▶ TASK TO COMPLETE
Leaving out the images, repeat all the lines below exactly.

▶ DATASET CONTENT
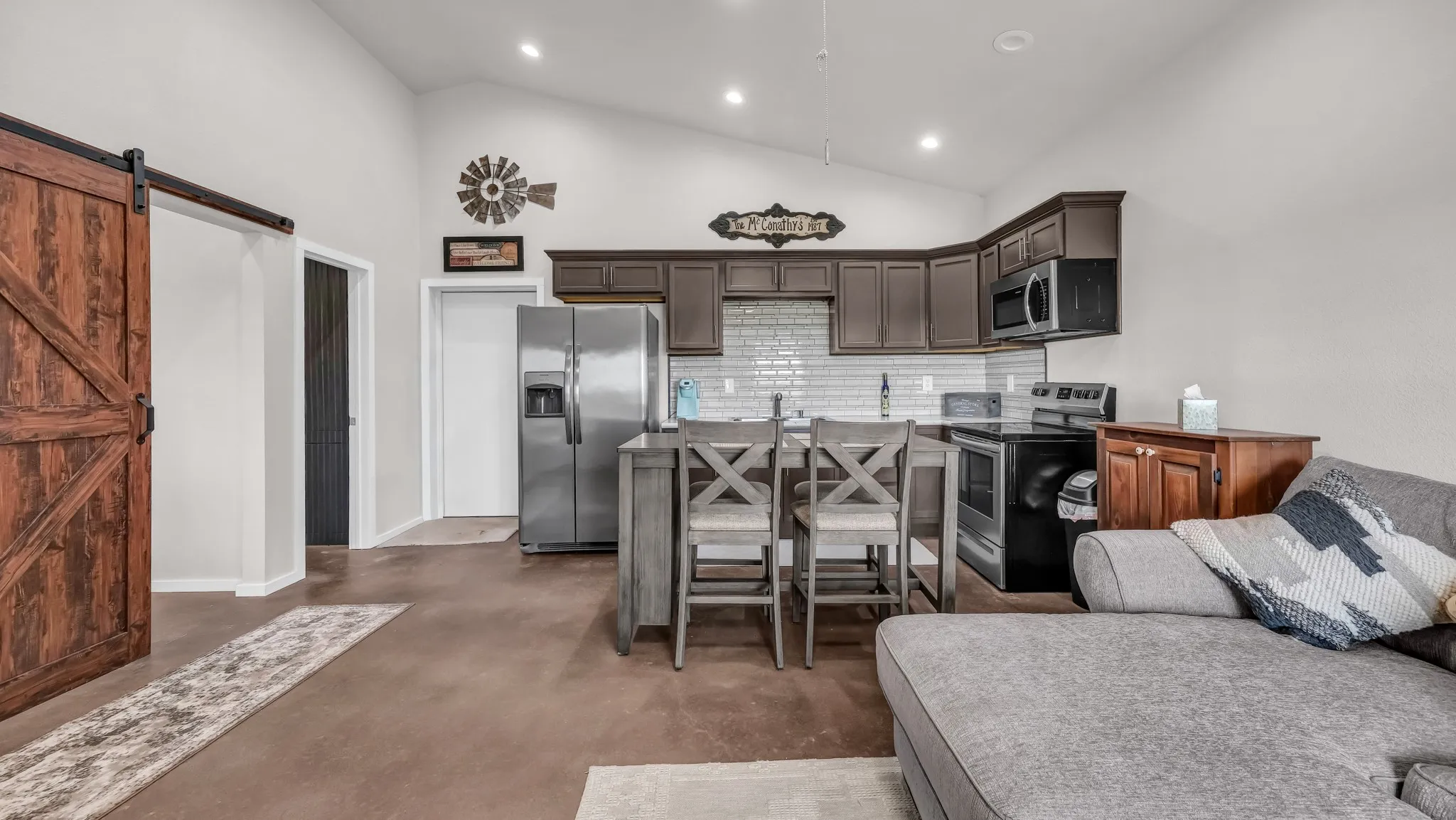 Kitchen with stainless steel appliances, backsplash, dark brown cabinetry, a barn door, and finished concrete flooring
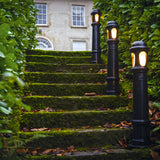 Extra Large Victorian Cast Iron Bollard Light in black, three lit along mossy stone steps with a domed cap and frosted lens, set in a garden path.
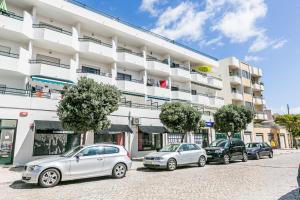 uma fileira de carros estacionados em frente a um prédio em 1 Bedroom Beach Apartment with Balcony 2 min walk to the beach! em Costa da Caparica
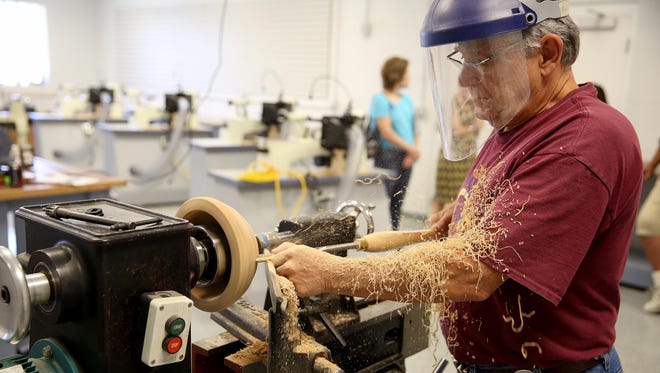 K.C. Kendall with the Ohio Valley Woodturners Guild finishes a bowl in a new studio at the Kennedy Heights Cultural Campus new building on Montgomery Road.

▶ RESPONSE TO THIS EXERCISE
 Kitchen with stainless steel appliances, backsplash, dark brown cabinetry, a barn door, and finished concrete flooring
 Extra Large Victorian Cast Iron Bollard Light in black, three lit along mossy stone steps with a domed cap and frosted lens, set in a garden path.
 uma fileira de carros estacionados em frente a um prédio em 1 Bedroom Beach Apartment with Balcony 2 min walk to the beach! em Costa da Caparica
 K.C. Kendall with the Ohio Valley Woodturners Guild finishes a bowl in a new studio at the Kennedy Heights Cultural Campus new building on Montgomery Road.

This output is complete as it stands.